INPUT
=====

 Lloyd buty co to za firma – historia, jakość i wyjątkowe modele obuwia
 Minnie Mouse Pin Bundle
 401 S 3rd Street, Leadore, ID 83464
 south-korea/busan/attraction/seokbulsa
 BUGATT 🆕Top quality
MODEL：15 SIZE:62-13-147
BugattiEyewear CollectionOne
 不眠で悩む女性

=====

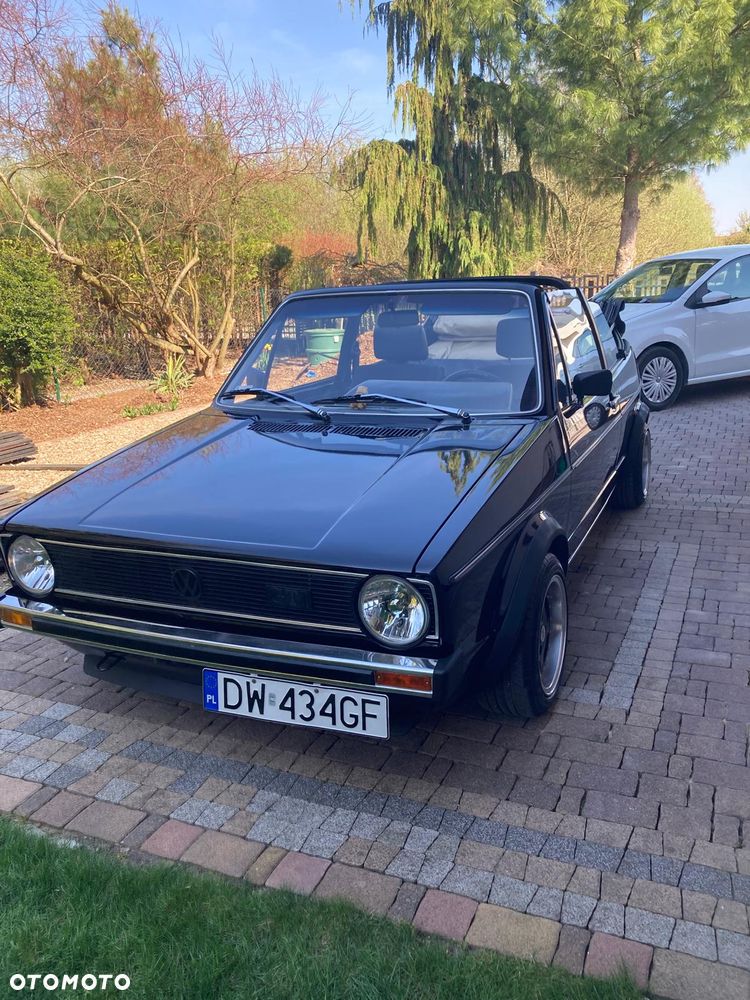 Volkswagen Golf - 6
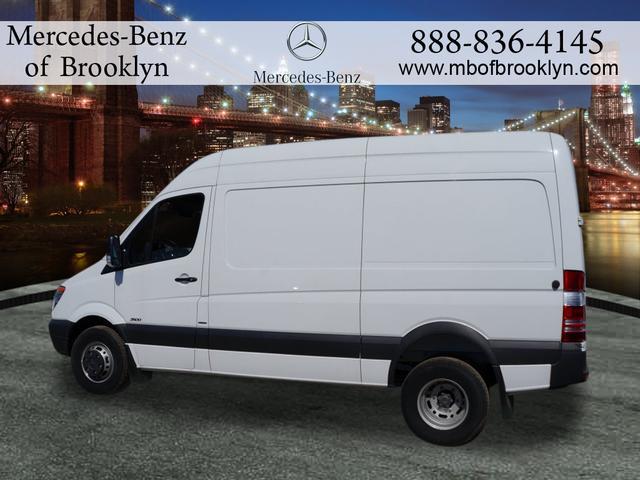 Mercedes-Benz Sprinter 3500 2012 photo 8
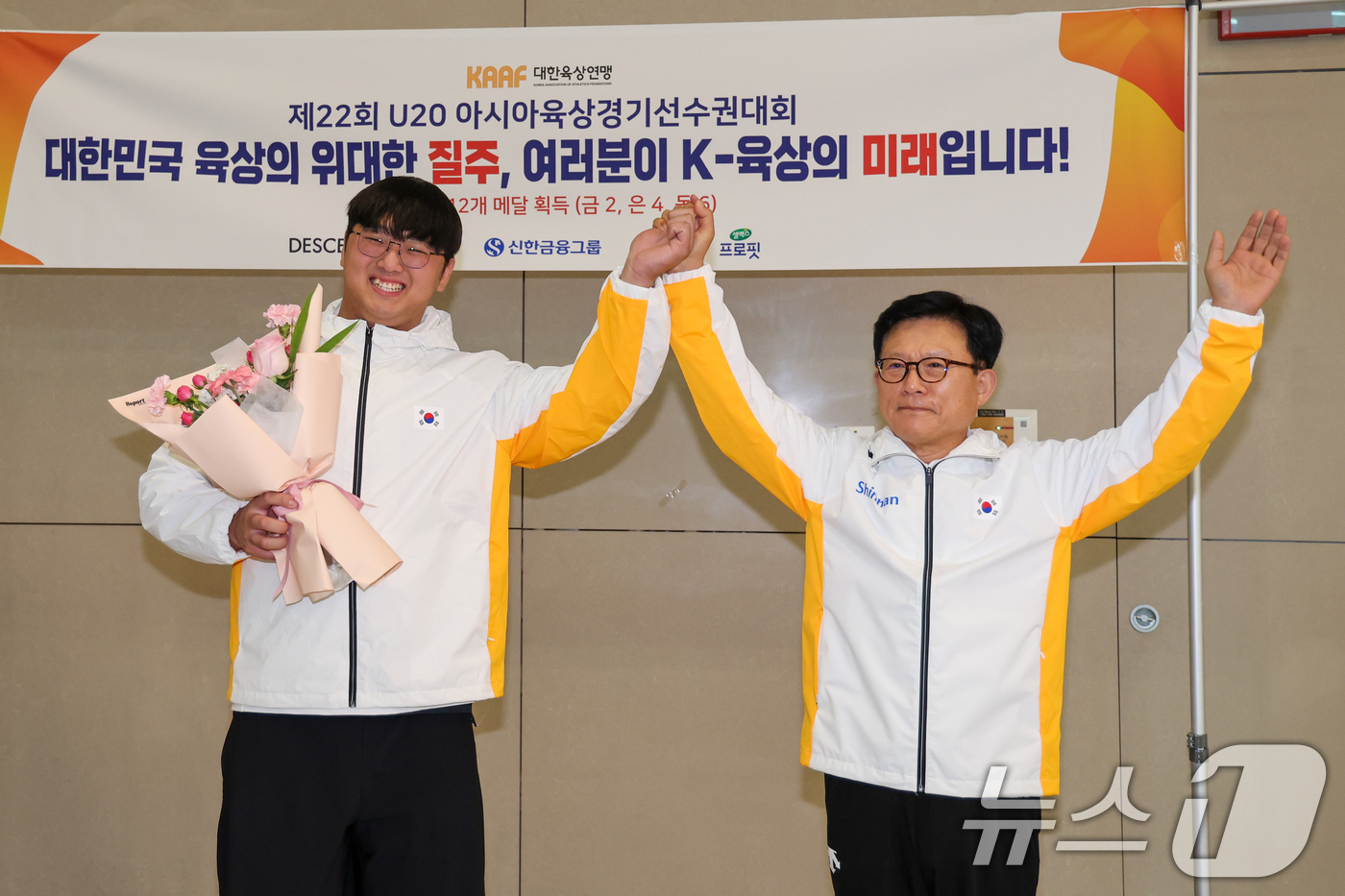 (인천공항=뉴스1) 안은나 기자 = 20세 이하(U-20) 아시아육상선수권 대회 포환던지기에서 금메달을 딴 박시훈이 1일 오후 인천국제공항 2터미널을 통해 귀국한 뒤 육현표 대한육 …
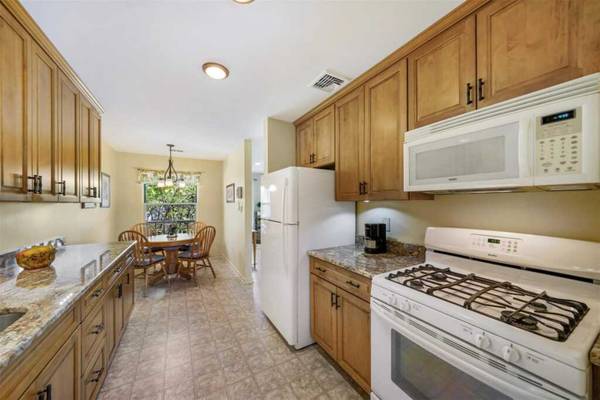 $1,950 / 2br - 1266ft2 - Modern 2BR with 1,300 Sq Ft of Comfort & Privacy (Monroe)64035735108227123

=====

When you reach the line containing "Volkswagen Golf - 6" in the entries above, begin restating word for word, and stop once the line containing "Comfort & Privacy (Monroe)64035735108227123" has been given. Omit the pictures.

 Volkswagen Golf - 6
 Mercedes-Benz Sprinter 3500 2012 photo 8
 (인천공항=뉴스1) 안은나 기자 = 20세 이하(U-20) 아시아육상선수권 대회 포환던지기에서 금메달을 딴 박시훈이 1일 오후 인천국제공항 2터미널을 통해 귀국한 뒤 육현표 대한육 …
 $1,950 / 2br - 1266ft2 - Modern 2BR with 1,300 Sq Ft of Comfort & Privacy (Monroe)64035735108227123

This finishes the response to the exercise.